The phones started ringing around 3 a.m. as our sources began calling in.
Something big was going down at NAU, they said. Lots of sirens, lights and police tape.
Then it was the emergency responders’ turn as the call went out for more surgeons and the first ambulances began to arrive at the ER.
Chief Photographer Jake Bacon was the first to arrive at the scene as the eyewitnesses were still milling around. There had been a party, a fight, and a shooting in a parking lot, they said, and students had been killed and wounded. The shooter, also a student, they said, had been tackled and the police had him.
Not exactly like the mass shootings by heavily armed gunmen taking random victims at campuses all over the country. But you wouldn’t know it by the first NAU press release at 3:37 a.m.: Four unnamed “people” had been shot and the “shooter” – no description given -- was in custody.

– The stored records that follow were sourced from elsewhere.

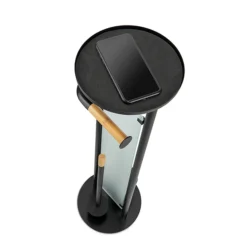 Croydex Matt Black & Bamboo Multi-Function Toilet Butler -Bathroom Accessories pa810021 d1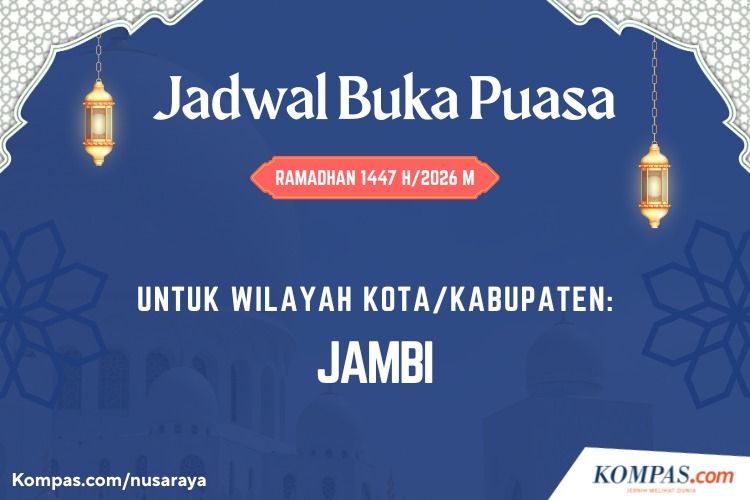 Jadwal Buka Puasa Kota Jambi Hari Ini Senin 9 Maret 2026 Lengkap dengan Waktu Shalat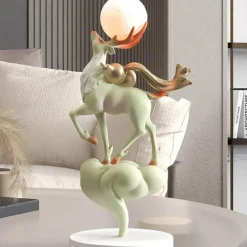 Illuminate Home Beleuchtung-LED-Hirsch-Ornament – ​​beleuchtete Weihnachtsdekoration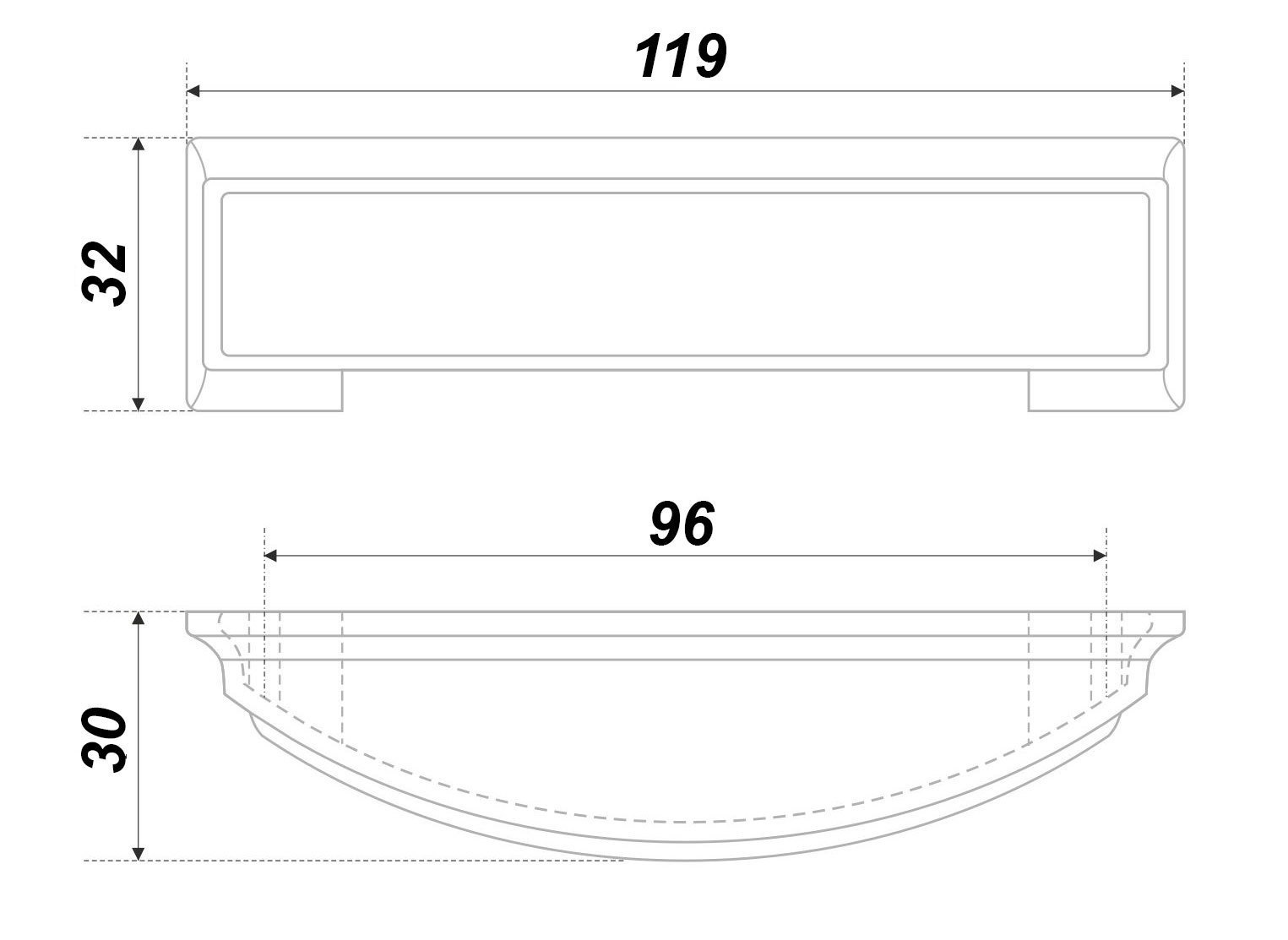 картинка Мебельная ручка GREGORY RS178EAB.4/96 от магазина DFCH 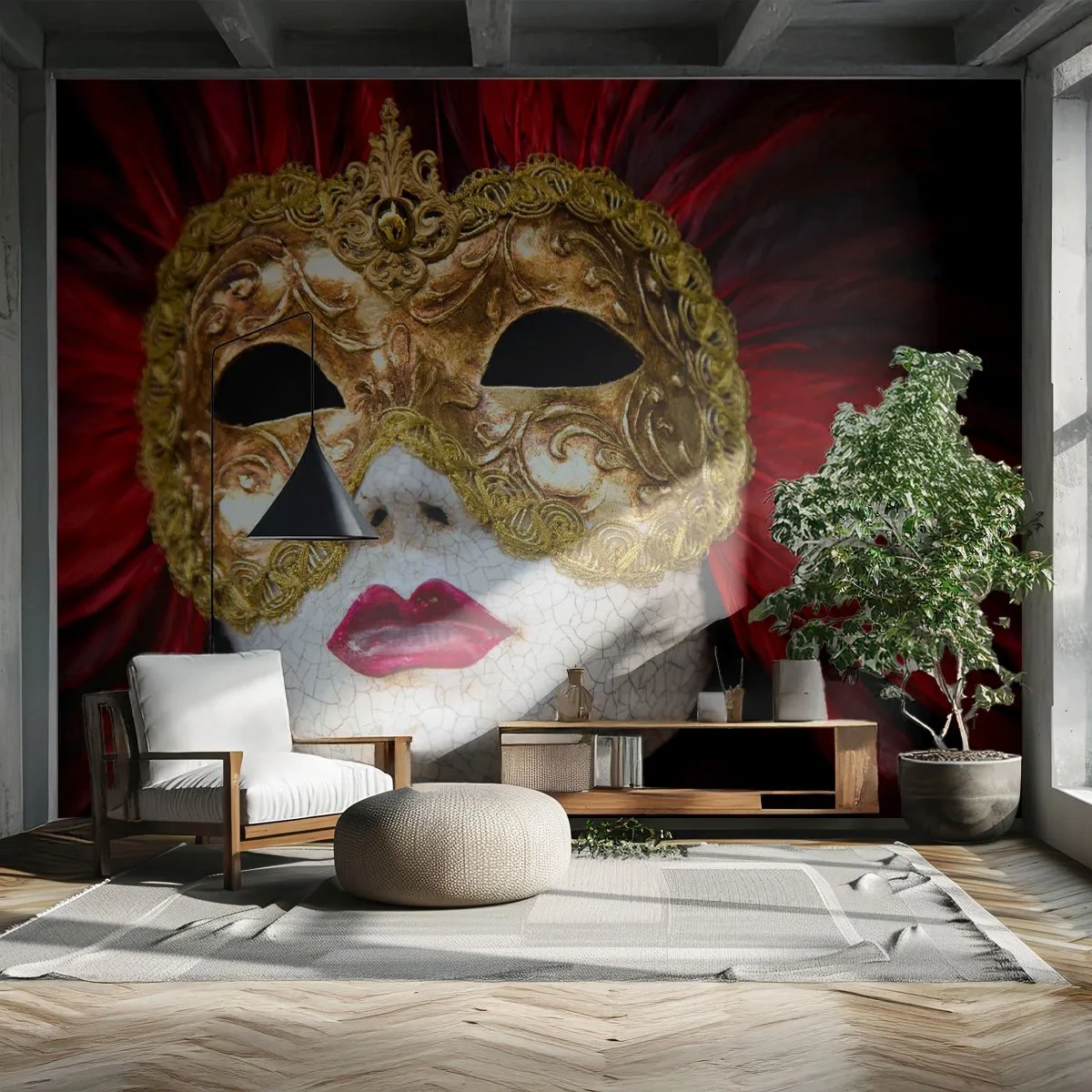 Fototapeta Premium Canvas - Slib karnevalového dobrodružství - Benátská maska, Kus, Benátky - 250x175 cm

Details were to come at a 6 a.m. press conference. Was it any wonder that frantic parents were texting their children in the middle of the night to check on their safety?
We don’t mean to minimize the tragedy that occurred outside Mountain View Hall early Friday morning. And hindsight is always 20/20 vs. the blur of conflicting information that police always encounter in fast-moving, violent encounters.
But by late morning, when officials did provide more details – this was a fight between students coming out of a party – they went overboard in the other direction. The shooting, they said, was unprecedented and isolated, implying it could not have been anticipated or expected to happen again.
Journalism is nothing if not about supplying the contextual middle ground for just the kind of incident that took place Friday at NAU. It might not have been an anonymous shooter pulling the trigger on a high-powered weapon. But it was still a young male with access to a gun and the apparent intention to hurt a lot of people with it until someone stopped him.
Throughout the day, the Daily Sun followed the journalistic protocols that have become all too familiar with these incidents: Identify the suspect, then the victims; interview shocked students and sympathetic public officials; report on the initial court appearance and the details that prosecutors supply of the shooting; cover that night’s candlelight vigil for the victims.
This may be numbingly commonplace on the national nightly news, but when it is your city and campus experiencing mass-casualty gun violence for the first time, there is nothing routine about it. When friends and neighbors – even those here on a four-year pass -- die and suffer for no justifiable reason, their stories deserve to be told and the responsible party held accountable. The Mountain View shooting doesn’t have to fit a pattern to still hold meaning and significance. The Daily Sun will be staying on the story, even as the next “unprecedented” and “isolated” campus shooting somewhere else grabs the headlines.